Donos de dois dos rostos mais agradáveis que o cinema já nos deu o prazer de olhar, Trintignant e Aimée reencarnam, agora aos 89 e 87 anos de idade, respectivamente, o casal que comoveu e inspirou o amor em toda uma geração, embalada pela inconfundível trilha sonora composta por Francis Lai.

Nesse sentido, o demorado plano, em close, sobre o rosto envelhecido de Jean-Louis na abertura de Os melhores anos… é, de cara, tocante e eloquente quanto aos efeitos do tempo. E não falamos apenas no que há de duro quanto à perda do frescor da juventude sobre um homem lindo e sedutor, mas também nas limitações do discernimento das coisas, uma vez que, na tal sequência, o personagem acompanha uma sessão de exercícios para a memória, que acontece numa luxuosa casa de repouso para idosos, onde ele vive. 
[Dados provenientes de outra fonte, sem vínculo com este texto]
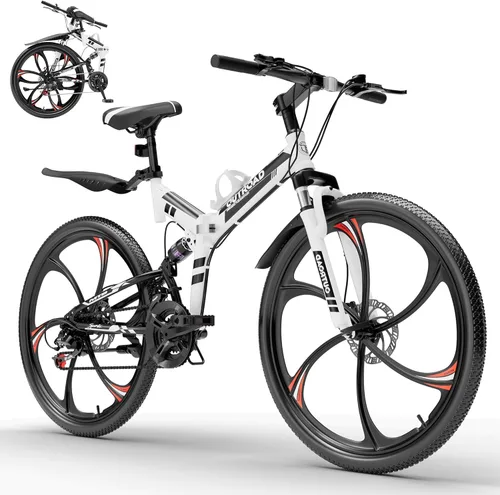 Miniatura 14 de Max4out Bicicleta de montaña plegable de 26 pulgadas, bicicleta de suspensión completa de 21 velocidades, freno de doble disco, neumático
O jovem charmoso, senhor Trintignant

Com suas lembranças indo e vindo, é o seu filho Antoine (Antoine Sire) que decide procurar Anne, o maior amor de Jean-Louis, e pedir-lhe que visite o seu pai para reavivar sua memória. Como apelo, Antoine tenta convencer Anne revelando: “Você é a melhor lembrança da vida dele”.  

Por esse mote, Lelouche cria assim uma deliciosa circunstância em que Anne e Jean-Louis irão se encontrar “pela primeira vez” novamente, já que ele não a reconhece. A beleza aqui é que este jovem senhor se apaixona mais uma vez por essa estranha senhora e pelos mesmos motivos do passado. Para isso não há explicações, como nos alertou Domingos Oliveira. Um gesto com a mão no cabelo já é suficiente para desequilibrar um homem apaixonado. 
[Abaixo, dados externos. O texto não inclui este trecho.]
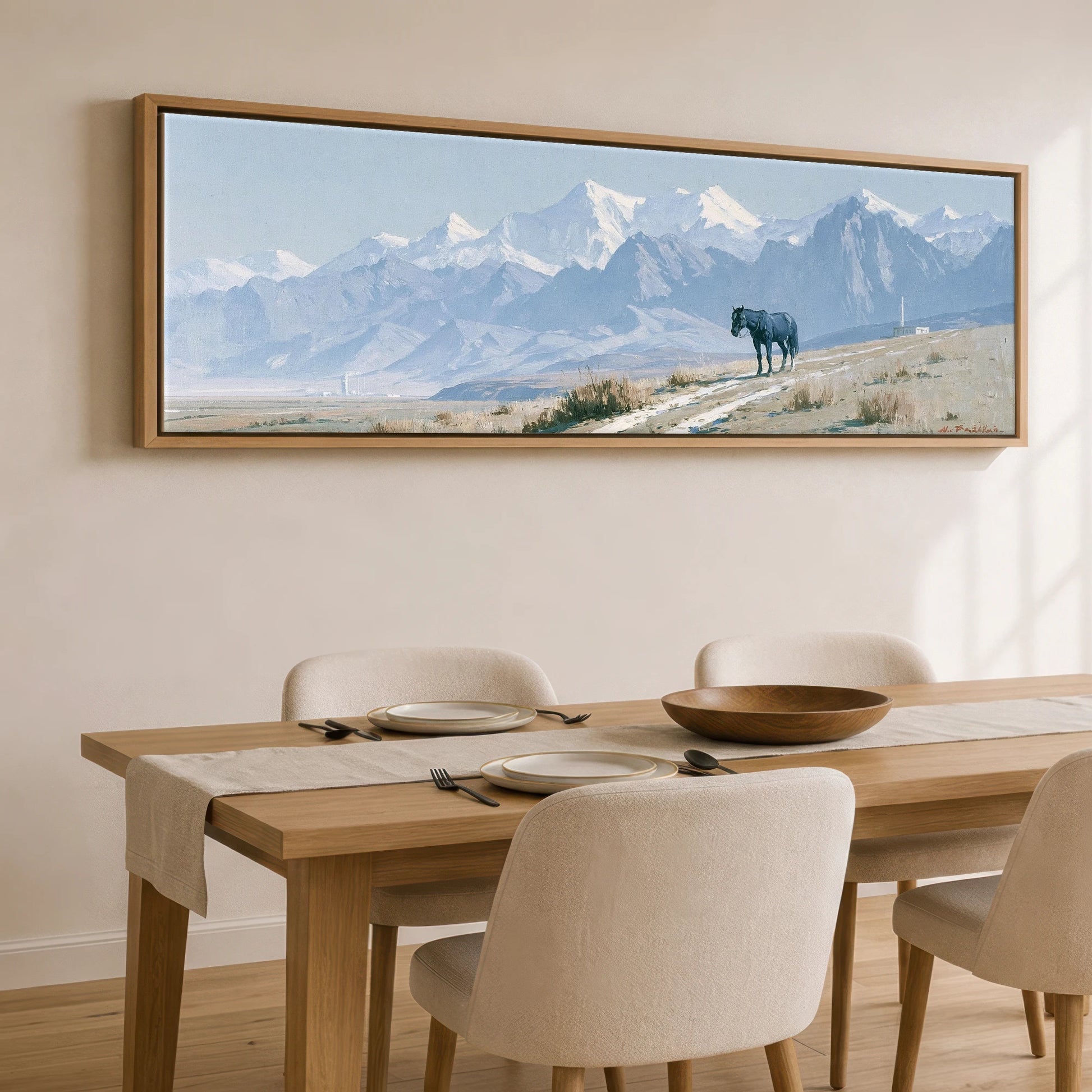 Mountain Solitude Horse Landscape panoramic canvas wall art displayed above a dining table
Atenção para a sedutora circunstância criada por Lelouche, com um diálogo afiado, em que o velho galanteador Jean-Louis volta a ativa diante da beleza da viúva Anne: “Por que as viúvas são tão lindas?”, ou ainda: “Por que você parece mais jovem do que eu?”, “Porque eu uso mais maquiagem”, ela diz. Para ele responder: “Não. Porque você é mais gentil”. 

Anouk Aimée, sempre deslumbrante

Bons diálogos não são nada sem bons atores. E Lelouche tinha a mão dois deuses para trabalhar. O resultado é hipnótico, como se estivéssemos vendo realmente o nascer de uma paixão entre dois quase nonagenários.
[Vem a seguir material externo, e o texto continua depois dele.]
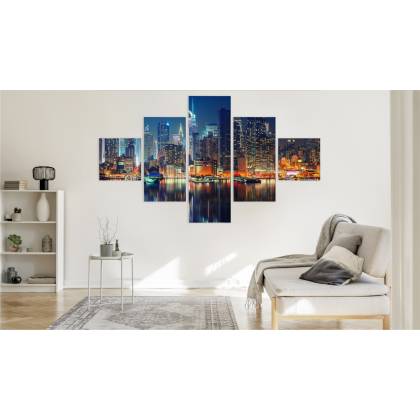 Obraz Wieloczęściowy Panoramiczny Widok Na Manhattan Nocą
Além dos diálogos próprios de gente madura (Lelouche hoje está prestes a completar 83 anos), Os melhores anos… respeita o tempo dos personagens. O tempo é outro na terceira idade, e o filme apropria-se desse tempo. O ritmo aqui é calmo. Não é lento. Há uma distinção entre calmo e lento. Enquanto o primeiro dá tempo para que apreciemos a sua beleza, o segundo pode ser entediante. E se há algo que esta produção não é, é ser entediante. 

Há ainda a beleza e a altivez da linda senhora Anouk Aimée. Nesse momento vou economizar minhas palavras e deixar o leitor descobrir por si só, vendo o filme, sobre o que gostaríamos de dizer a respeito.  

Sua personagem traz uma das reflexões mais interessantes, particularmente para os homens, a respeito da nova experiência com o seu antigo amor. Anne diz, de modo confessional para a câmera, que, no passado, gostava da masculinidade de Jean-Louis mas, agora, ela era o homem.  

Masculinidade. O que seria isso, mulheres? Bom, isso é outro papo.

P.S.: Dedico essa crítica à minha Anne, que se chama Ana.